DECLARATION FINALE DES ORGANISATIONS PAYSANNES
AU FORUM DU DAKAR AGRICOLE


L'an 2005, les 2 et 3 février, des représentants d'Organisations Paysannes et des Producteurs Agricoles d'Afrique, d'Asie, d'Europe et d'Amérique, se sont réunies aux fins de préparer leur contribution au Forum International de Dakar sur la Fracture Agricole. Le Pré forum paysan initié par le ROPPA et le CNCR a également été ouverte à la société civile, aux hommes de sciences, aux partenaires au développement, aux élus locaux et aux administrations publiques nationales.
Les missions fondamentales de l'agriculture
> Sécurité alimentaire,
> Equilibre social : création d'emplois, limitation de l'exode rural, accès à la terre, agriculture paysanne ou familiale, développement des zones rurales, etc.,
> Environnement (qualité des sols, érosion, eau)

Constats

Les politiques néo-libérales et la vision dogmatique des modèles de développement des 20 dernières années ignorent ces missions de l'Agriculture, comme elles ignorent les imperfections des marchés mondiaux. Elles ont conduit à des crises et à une aggravation de la fracture.

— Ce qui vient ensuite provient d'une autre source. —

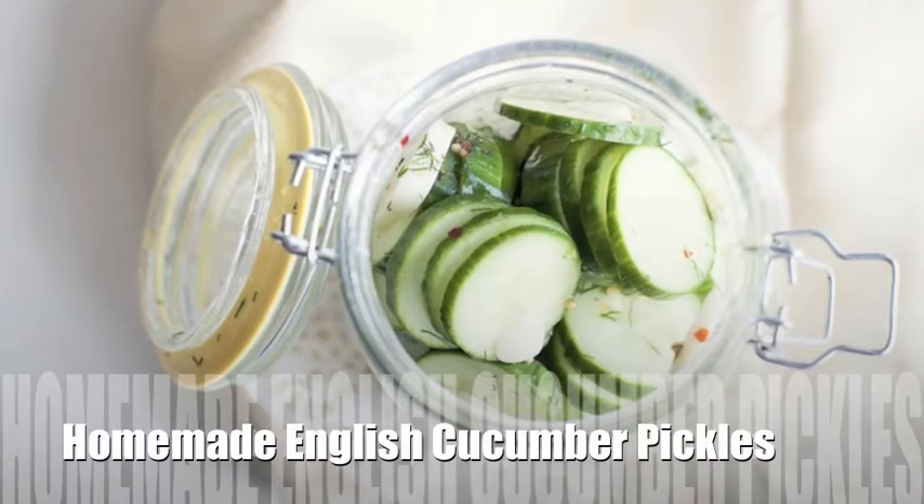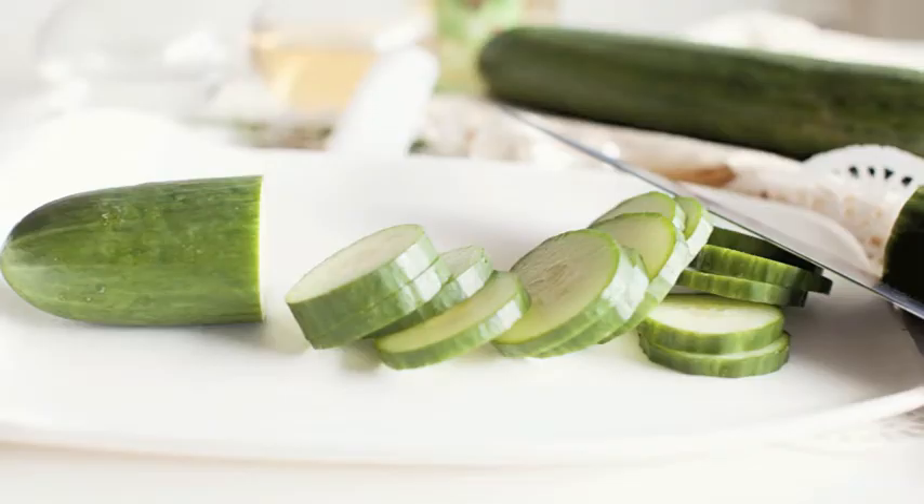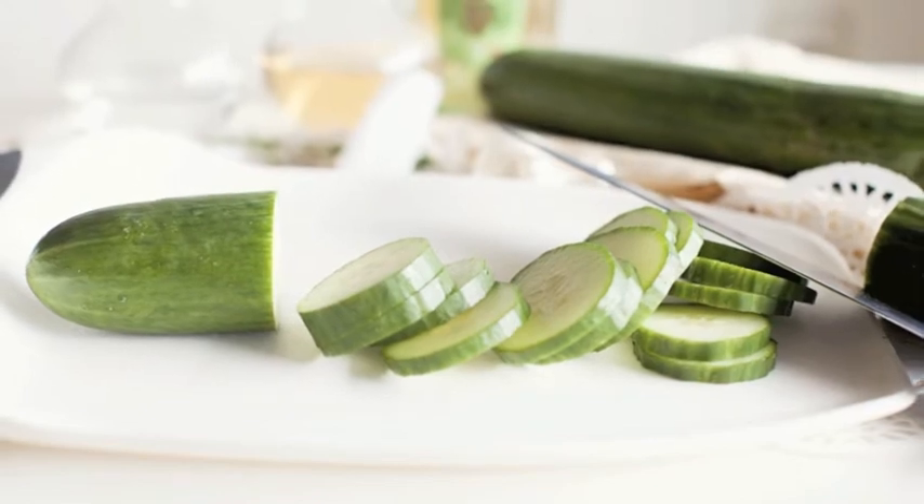Pick a peck of homemade English cucumber pickles. We chose English over conventional for the thinner skins and sweeter taste.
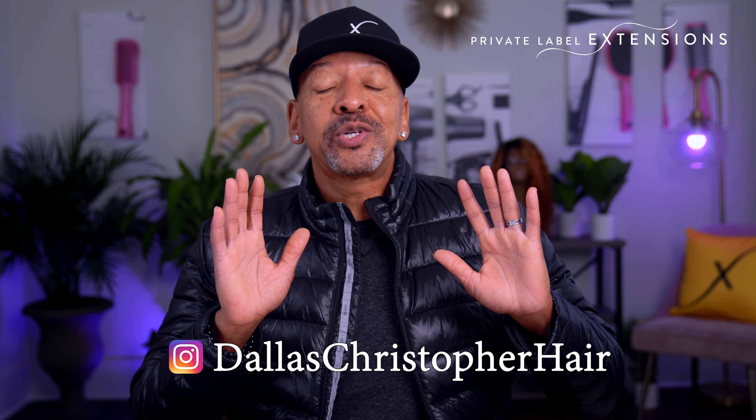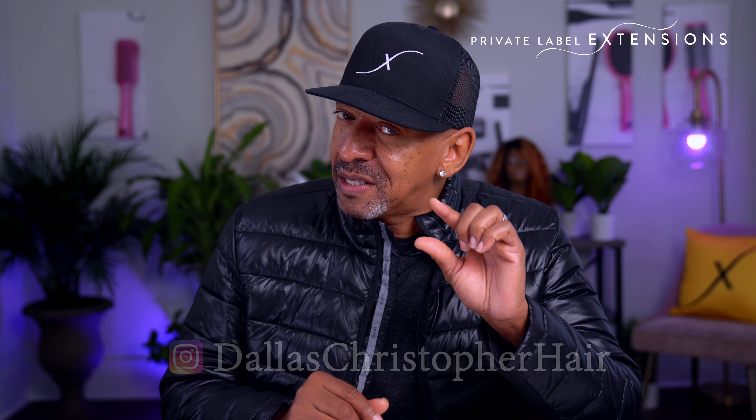Hi guys, it's Dallas here with your two minute tip for today, and today is going to be a little bit longer. Why? Because we're talking about disinfecting — disinfecting your workstations. Especially during COVID season, we really want to focus on how we're going to clean our workstations.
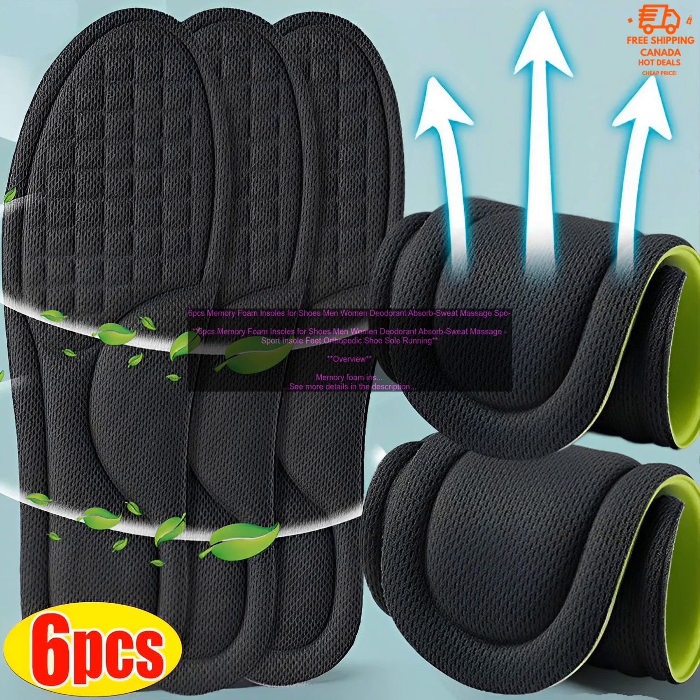Memory foam insoles can help to improve your posture by supporting your arches and heels. This can help to reduce back pain and other pain associated with poor posture. Memory foam insoles can also help to absorb sweat and odors, keeping your feet dry and fresh.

La priorité à l'exportation a conduit à la chute des prix mondiaux, à la détérioration des termes de l'échange, sans pour autant profiter au consommateur. Elle a également conduit à la ruine et la disparition de nombreuses exploitations familiales au Sud comme au Nord. De nombreux paysans sont sans terre ou, n'ont pas accès aux moyens de production et au financement.

Les politiques d'ajustement structurel initiées il y a 25 ans n'ont pas réduit la famine et la malnutrition dans les pays en développement et n'ont pas engendré une distribution équitable des richesses.


Exigences
1. Redonner la priorité aux missions fondamentales de l'agriculture - Ceci implique, notamment, les droits suivants :

i. la souveraineté alimentaire
ii. la protection efficace à l'importation
iii. l'accès aux moyens de production : eau, terres, semences, financement ...

2. Stabiliser les prix agricoles mondiaux à un prix rémunérateur pour tous les agriculteurs par des mécanismes de régulation et de gestion de l'offre. La priorité est à donner aux marchés des produits tropicaux.
3. Mettre un moratoire sur les négociations agricoles multilatérales (OMC) et bilatérales (APE) tant qu'elles ne respecteront pas les principes ci-dessus.